Enemy Territory QUAKE Wars
Review - Enemy Territory QUAKE Wars
by , 9:30 AM EDT, August 15th, 2008
Reeses products aside, some things go well together. First-person shooter and role-playing elements prove to be no exception to this rule and where there's hope for a good game, Enemy Territory QUAKE Wars delivers (i.e., ETQW), albeit with room for improvement.
The commercial sequel to the popular free Wolfenstein: Enemy Territory modification, takes place in the Quake universe wherein the humans (known as the Global Defense Force) battle the aliens (a.k.a., the Strogg) in mission-based maps. An expanded version of Wolfenstein: Enemy Territory, ETQW follows up on the role-based style of the original's gameplay while adding controllable vehicles, larger maps and the option of computer-controlled bots to fight with and against.
Like Wolfenstein: Enemy Territory, ETQW allows the player to log into the game as a given role (Soldier/Aggressor, Fields Ops/Oppressor, Medic/Technician, Engineer/Constructor or Covert Ops/Infiltrator), each with its own unique abilities. Once logged into the game and inserted into the battle, players can work to complete a variety of missions (such as destroying an enemy structure, repairing a vehicle or planting explosives on a nearby barrier) to earn experience points, achievements and character upgrades.

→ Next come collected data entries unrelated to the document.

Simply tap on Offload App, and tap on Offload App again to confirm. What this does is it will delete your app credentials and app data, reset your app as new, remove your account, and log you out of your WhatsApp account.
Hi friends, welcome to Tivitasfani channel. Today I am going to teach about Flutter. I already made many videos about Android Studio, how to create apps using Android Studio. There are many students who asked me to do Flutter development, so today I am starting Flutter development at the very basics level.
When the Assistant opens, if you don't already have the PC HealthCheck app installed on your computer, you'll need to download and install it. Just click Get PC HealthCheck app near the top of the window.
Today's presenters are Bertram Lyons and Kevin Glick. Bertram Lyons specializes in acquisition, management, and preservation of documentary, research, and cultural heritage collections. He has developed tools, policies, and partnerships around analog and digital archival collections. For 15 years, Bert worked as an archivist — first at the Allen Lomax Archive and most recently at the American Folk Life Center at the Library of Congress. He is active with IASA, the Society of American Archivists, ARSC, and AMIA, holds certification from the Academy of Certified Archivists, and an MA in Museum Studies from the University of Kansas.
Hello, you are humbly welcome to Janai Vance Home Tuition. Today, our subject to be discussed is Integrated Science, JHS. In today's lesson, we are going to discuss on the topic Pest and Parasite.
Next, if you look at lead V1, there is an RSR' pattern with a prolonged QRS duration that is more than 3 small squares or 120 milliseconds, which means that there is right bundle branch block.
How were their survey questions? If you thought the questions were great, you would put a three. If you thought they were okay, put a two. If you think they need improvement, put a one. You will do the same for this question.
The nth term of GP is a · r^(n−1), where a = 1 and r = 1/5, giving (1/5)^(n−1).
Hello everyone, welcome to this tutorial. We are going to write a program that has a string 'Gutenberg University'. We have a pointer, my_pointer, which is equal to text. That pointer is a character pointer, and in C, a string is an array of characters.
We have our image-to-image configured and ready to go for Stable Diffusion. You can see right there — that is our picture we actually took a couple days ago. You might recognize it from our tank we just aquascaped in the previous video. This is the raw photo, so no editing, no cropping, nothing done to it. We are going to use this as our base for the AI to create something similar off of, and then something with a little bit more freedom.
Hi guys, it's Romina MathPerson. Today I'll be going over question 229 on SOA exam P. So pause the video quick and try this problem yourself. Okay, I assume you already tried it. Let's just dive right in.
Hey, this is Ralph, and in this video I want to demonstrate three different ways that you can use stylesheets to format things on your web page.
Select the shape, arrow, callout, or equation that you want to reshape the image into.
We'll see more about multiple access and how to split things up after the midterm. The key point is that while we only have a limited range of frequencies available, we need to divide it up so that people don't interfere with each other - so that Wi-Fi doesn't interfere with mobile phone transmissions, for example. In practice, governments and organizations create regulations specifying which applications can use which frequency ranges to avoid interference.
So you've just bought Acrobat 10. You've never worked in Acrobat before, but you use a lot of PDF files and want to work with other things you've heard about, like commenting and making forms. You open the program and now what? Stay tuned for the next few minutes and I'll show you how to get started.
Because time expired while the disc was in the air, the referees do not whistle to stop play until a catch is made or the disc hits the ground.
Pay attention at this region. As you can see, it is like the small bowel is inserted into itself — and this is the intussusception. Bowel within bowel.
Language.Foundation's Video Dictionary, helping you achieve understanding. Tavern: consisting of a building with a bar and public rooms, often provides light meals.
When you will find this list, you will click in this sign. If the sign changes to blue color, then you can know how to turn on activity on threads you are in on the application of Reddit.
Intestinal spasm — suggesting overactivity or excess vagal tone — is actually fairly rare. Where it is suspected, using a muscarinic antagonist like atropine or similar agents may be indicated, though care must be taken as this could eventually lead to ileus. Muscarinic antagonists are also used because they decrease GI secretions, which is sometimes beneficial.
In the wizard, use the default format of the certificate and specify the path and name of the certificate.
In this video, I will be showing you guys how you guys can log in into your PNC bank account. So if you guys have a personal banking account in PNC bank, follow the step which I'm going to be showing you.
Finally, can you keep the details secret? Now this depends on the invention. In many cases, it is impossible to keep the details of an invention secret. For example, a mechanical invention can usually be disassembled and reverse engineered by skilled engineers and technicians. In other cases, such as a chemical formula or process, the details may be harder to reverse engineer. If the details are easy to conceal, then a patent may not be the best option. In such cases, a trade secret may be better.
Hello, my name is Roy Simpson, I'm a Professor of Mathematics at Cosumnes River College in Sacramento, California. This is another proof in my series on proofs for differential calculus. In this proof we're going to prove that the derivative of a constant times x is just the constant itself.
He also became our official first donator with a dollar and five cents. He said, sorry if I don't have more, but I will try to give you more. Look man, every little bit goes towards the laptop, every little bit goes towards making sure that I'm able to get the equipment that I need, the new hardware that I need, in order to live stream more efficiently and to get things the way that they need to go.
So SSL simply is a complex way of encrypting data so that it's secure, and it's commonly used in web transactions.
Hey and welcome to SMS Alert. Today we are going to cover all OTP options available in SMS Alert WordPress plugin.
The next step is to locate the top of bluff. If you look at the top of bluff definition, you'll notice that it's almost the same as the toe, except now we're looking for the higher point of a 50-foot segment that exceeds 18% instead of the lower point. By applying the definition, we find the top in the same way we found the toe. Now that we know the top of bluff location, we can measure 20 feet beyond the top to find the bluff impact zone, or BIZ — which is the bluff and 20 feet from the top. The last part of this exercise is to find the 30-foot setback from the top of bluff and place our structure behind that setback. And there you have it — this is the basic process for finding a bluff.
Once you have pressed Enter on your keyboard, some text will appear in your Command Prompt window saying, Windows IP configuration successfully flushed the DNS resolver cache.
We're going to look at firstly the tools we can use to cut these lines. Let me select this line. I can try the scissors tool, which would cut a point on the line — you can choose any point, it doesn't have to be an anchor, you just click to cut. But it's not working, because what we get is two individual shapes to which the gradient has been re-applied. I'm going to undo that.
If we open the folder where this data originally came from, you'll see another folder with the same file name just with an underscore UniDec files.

Roles make all the difference and the developers at Splash Damage realized this when designing the game. Unlike similar games, ETQW can change the larger mission the player may need to accomplish within seconds. The title allows for the player to move with this and in cases where the larger mission may switch from capturing a forward base to building and defending a mining laser with which to destroy a large barrier to access the final goal of the map, players can quickly switch from a purely aggressive role such as Soldier/Aggressor to an Engineer/Constructor in order to complete their mission.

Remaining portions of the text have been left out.